| Recorded data |
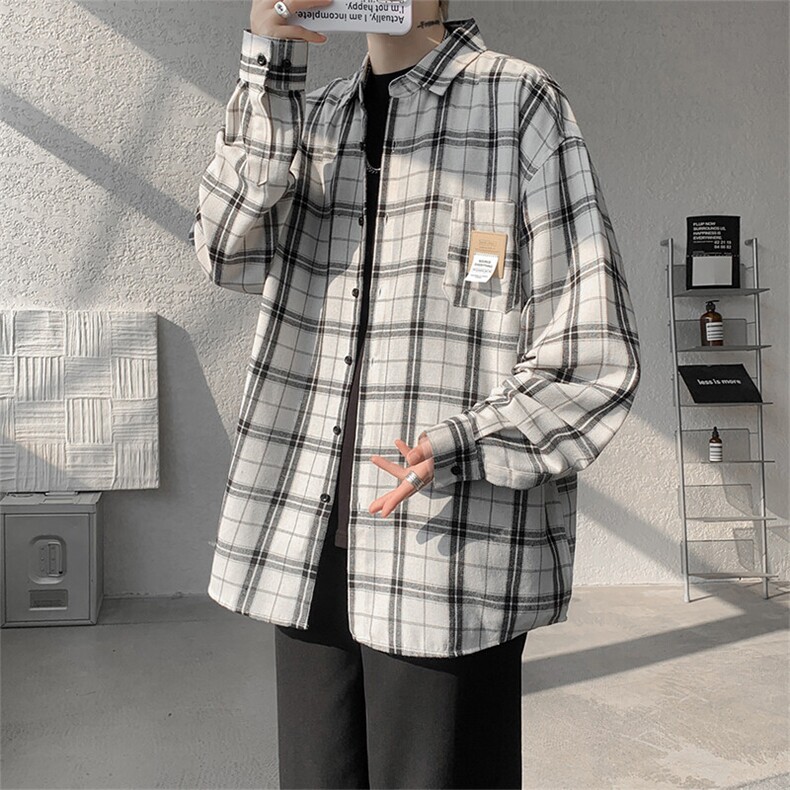 衬衫男春季新款港风磨毛宽松长袖格子衬衣CS521-P38,男装衬衫,星座214-3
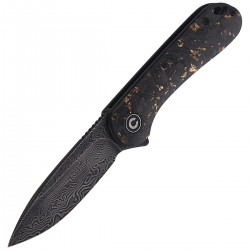 Nóż CIVIVI Elementum Flipper Shredded Carbon Fiber / Golden Shred, Black Damascus (C907C-DS1)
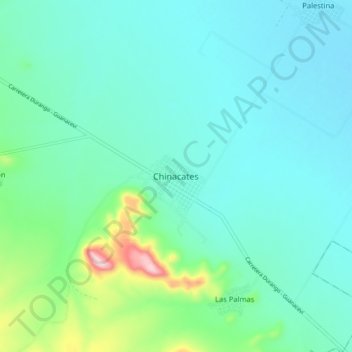 Mapa topográfico Chinacates, altitud, relieve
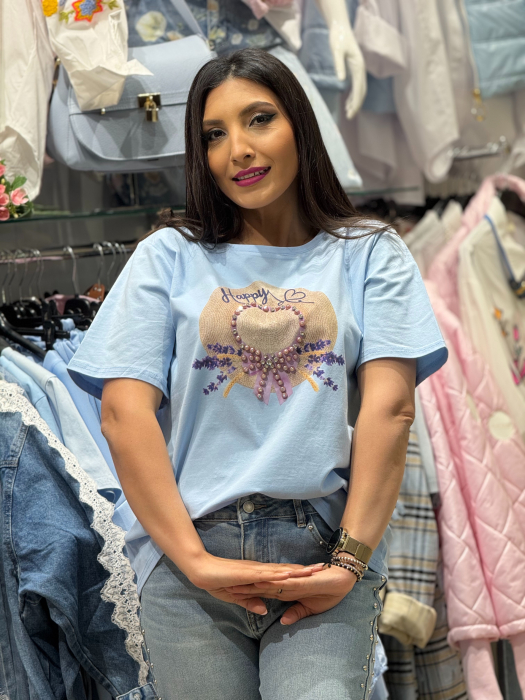 Tricou cu imprimeu palarie decorativa cu aplicatii 3D din margele si cristale [3]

| Task details |
The material must be returned exactly, with its pictures omitted.

| Output of the exercise |
 衬衫男春季新款港风磨毛宽松长袖格子衬衣CS521-P38,男装衬衫,星座214-3
 Nóż CIVIVI Elementum Flipper Shredded Carbon Fiber / Golden Shred, Black Damascus (C907C-DS1)
 Mapa topográfico Chinacates, altitud, relieve
 Tricou cu imprimeu palarie decorativa cu aplicatii 3D din margele si cristale [3]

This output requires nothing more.